One night last week a firefly, resting on the screen door, flashed me. My eye flashed back, and the wing/record player needle descended. The firefly and I repeated the communication a couple of times. I’ve always secretly believed I could learn to talk to the animals. I didn’t know it would be like this, quite. I return to a prayer that rises during meditation: Let me see things through the eyes of spirit. Will I see more clearly through a liquid than a gel? Firefly, the world is full of mystery.

Thursday, May 30, 2013

THE BEE IS DRUNK




The bee is drunk;

he gorges himself on the pollen-spattered flowers. I watch his boozy progress from blossom to blossom. He feeds, rolls over, drops, and feeds again. A lush, kissing all the girls. Mmmmm, he says. Mmmmm.
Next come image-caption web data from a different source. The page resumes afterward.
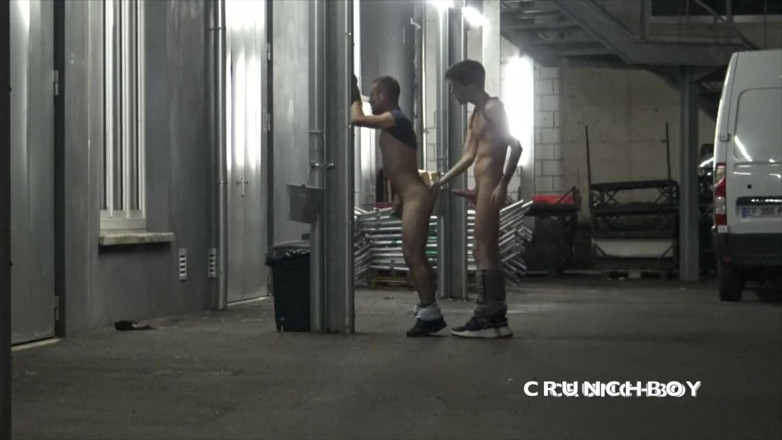 The official French bareback channel: Scally 男孩在街上被 alexis 生性交 ehib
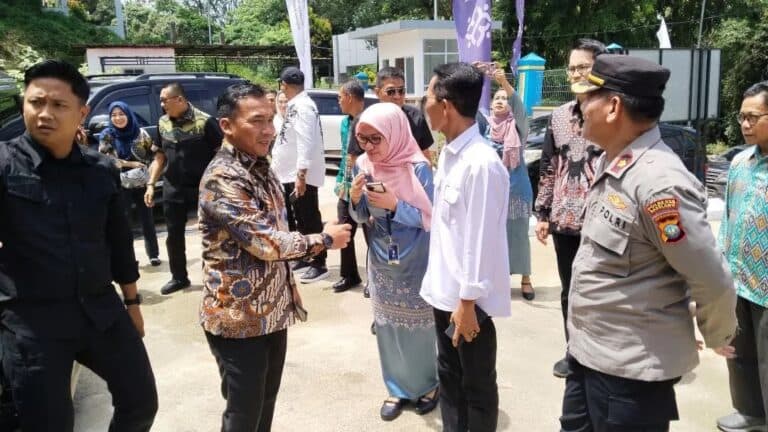kunjungan menduk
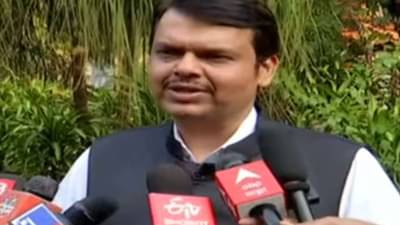 पवार म्हणाले, मावळनंतर राष्ट्रवादी जिंकली, आता फडणवीसांनी जालियनवालाचा आदेशकर्ता दाखवला!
I am dizzy with green sweetness and sun, the scent of  wild roses. Light touches their innocent faces. The sky peers between limbs and leaves to witness such tenderness.
















                           
The twisted bittersweet vine has lost its malice, softened into rare sculpture by the flood of stirring leaves. Small flying insects: ectoplasm on the wing. Above the stream bed, a cloud of blithe gnats circles a rhododendron branch.

                                


Remember this:


Remember the thorny bow of the blackberry vine, its pink buds and moon-white blossoms.

 Remember the cool of the shaded path, the promise of arrival.